Dive Brief:
- Apollo Education Group, the parent company of the University of Phoenix, announced major losses Wednesday in revenue and enrollment.
- CNN Money reports the university has fewer than half the students it had five years ago, and its revenues have taken a similar tumble from $5 billion in 2010 to what will probably be half that by the end of 2015.
- Apollo Education Group stock dropped almost 30% after it announced revenue and enrollment had both gone down about 14% and 15%, respectively, in the latest quarter as compared to last year, CNN Money reports.
Dive Insight:
The University of Phoenix’s decline has been a political one. The for-profit university has been attacked from critics in the government and consumer advocates questioning whether the cost of the education is worth the quality of the online coursework. The CNN Money article notes University of Phoenix students made up half of all student loan defaults in 2013 but only 12% of the nation’s students in the same year.

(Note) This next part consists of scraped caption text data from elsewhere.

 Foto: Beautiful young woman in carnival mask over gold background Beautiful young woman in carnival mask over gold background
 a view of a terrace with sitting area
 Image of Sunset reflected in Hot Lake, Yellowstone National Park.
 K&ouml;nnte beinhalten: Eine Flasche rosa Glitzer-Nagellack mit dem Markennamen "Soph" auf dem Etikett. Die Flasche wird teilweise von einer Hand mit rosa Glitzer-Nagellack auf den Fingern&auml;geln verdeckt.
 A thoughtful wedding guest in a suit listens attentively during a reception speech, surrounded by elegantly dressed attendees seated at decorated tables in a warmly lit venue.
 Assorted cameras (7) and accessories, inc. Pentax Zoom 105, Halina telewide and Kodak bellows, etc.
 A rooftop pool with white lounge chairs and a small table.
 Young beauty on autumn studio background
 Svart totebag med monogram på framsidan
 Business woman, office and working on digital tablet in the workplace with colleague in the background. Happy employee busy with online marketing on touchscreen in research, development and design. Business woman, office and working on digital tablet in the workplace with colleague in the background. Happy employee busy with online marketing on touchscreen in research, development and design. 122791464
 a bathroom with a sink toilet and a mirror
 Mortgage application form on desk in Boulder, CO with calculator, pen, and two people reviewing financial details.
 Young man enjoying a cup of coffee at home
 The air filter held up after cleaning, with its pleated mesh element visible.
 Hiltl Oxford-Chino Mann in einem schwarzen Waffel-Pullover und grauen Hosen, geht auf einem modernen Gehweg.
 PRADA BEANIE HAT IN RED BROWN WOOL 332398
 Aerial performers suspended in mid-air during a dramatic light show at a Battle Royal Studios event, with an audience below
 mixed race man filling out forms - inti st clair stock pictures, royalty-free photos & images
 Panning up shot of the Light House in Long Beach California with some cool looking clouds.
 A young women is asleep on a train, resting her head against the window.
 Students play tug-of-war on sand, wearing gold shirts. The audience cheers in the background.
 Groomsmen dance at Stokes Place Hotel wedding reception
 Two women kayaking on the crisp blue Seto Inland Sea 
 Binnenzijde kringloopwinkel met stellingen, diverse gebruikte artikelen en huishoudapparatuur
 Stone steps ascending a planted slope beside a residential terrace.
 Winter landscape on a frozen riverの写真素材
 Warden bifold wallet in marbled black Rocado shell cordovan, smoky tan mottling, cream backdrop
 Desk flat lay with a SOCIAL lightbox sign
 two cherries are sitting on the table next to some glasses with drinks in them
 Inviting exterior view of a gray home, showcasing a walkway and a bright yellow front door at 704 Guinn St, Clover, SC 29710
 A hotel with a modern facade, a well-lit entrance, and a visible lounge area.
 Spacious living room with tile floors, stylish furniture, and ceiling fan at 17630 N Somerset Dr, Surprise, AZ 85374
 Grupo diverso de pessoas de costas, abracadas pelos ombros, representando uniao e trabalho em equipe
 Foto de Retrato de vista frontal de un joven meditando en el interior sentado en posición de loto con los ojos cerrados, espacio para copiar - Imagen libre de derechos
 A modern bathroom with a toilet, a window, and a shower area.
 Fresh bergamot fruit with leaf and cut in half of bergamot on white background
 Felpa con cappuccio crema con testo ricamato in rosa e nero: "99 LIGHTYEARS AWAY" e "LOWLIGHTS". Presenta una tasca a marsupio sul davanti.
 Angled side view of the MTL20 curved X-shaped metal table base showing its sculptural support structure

It is now harder to get federal financial aid to attend for-profit colleges and, as CNN Money also pointed out, the offer of free community college likely will pull even more students from the University of Phoenix.
With Republican control of both the U.S. House and Senate, there is a chance the furor over the for-profit model might lessen, but as the University of Phoenix continues to struggle with enrollment, the change in leadership could be too late.